Whether there is some underlying biological norm for the perception of time and
space is still moot (Nisbett and Masuda 2003; Boroditsky 2001), but it is clear that
some elements of pattern recognition vary by either culture or genetics (Nisbett
and Masuda 2003; Chua et al. 2005). Even when one looks at the representation of
patterns and elements like colour, there are clear arguments for a social influence
on the interpretation of even very basic stimuli into perceptions (Roberson et al.
2004). Indeed, while there is a clear and early ability of humans to perceive moving
objects in a scene as associated in a pattern (e.g. Baird et al. 2002), there are
cultural traits associated with the age at which even relatively universal patterns are
appreciated (Clement et al. 1970).
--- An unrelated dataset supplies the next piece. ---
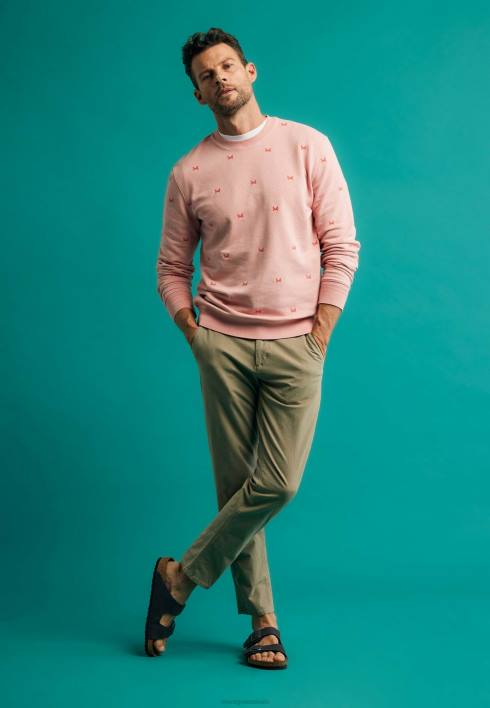 άνδρες Mexx κωνικό παντελόνι chino χακί πράσινος BR0F484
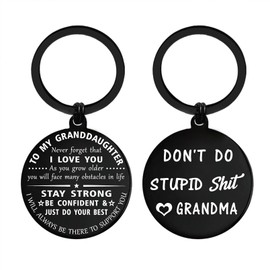 ENGZHI To My Granddaughter Gifts from Grandma - Don't Do Love Grandma Teen Girls Keychain, Granddaughter Birthday Gifts, Christmas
The more we can objectify the process, therefore,
the less our biases will impinge on our understanding. In many respects it is easier
to remove human agents from data comparison and knowledge development than
pattern hunting, as patterns are not something machines deal with easily. The
unsupervised recognition of even static patterns repeated in different contexts is far
from computationally solved (Bouvrie and Sinha 2007), though significant advances
have been made in recent years (Druzhkov and Kustikova 2016). Most pattern-
hunting algorithms try to replicate the process found in humans, and in that sense
one suspects we would do better to skip the pattern hunting and concentrate on data
consistency and the comparison of full datasets directly. At best we might say that
an automated “pattern” hunter that wasn’t trying to reproduce the human ability
would instead seek to identify attractors within the data.
Figure 10.1 presents several visualisation methods that are commonly found in
the literature, ranging from 1D time-series representation (a) to contour plots (d)
that could be potentially used for 4D representation.
Visualisations are plainly extremely useful. Here we’ll look at a couple of
techniques that are of use in deciphering individual-level data: phase maps and
recurrence plots. Both techniques focus on the representation of individual-level
states and the relationships between stated individuals.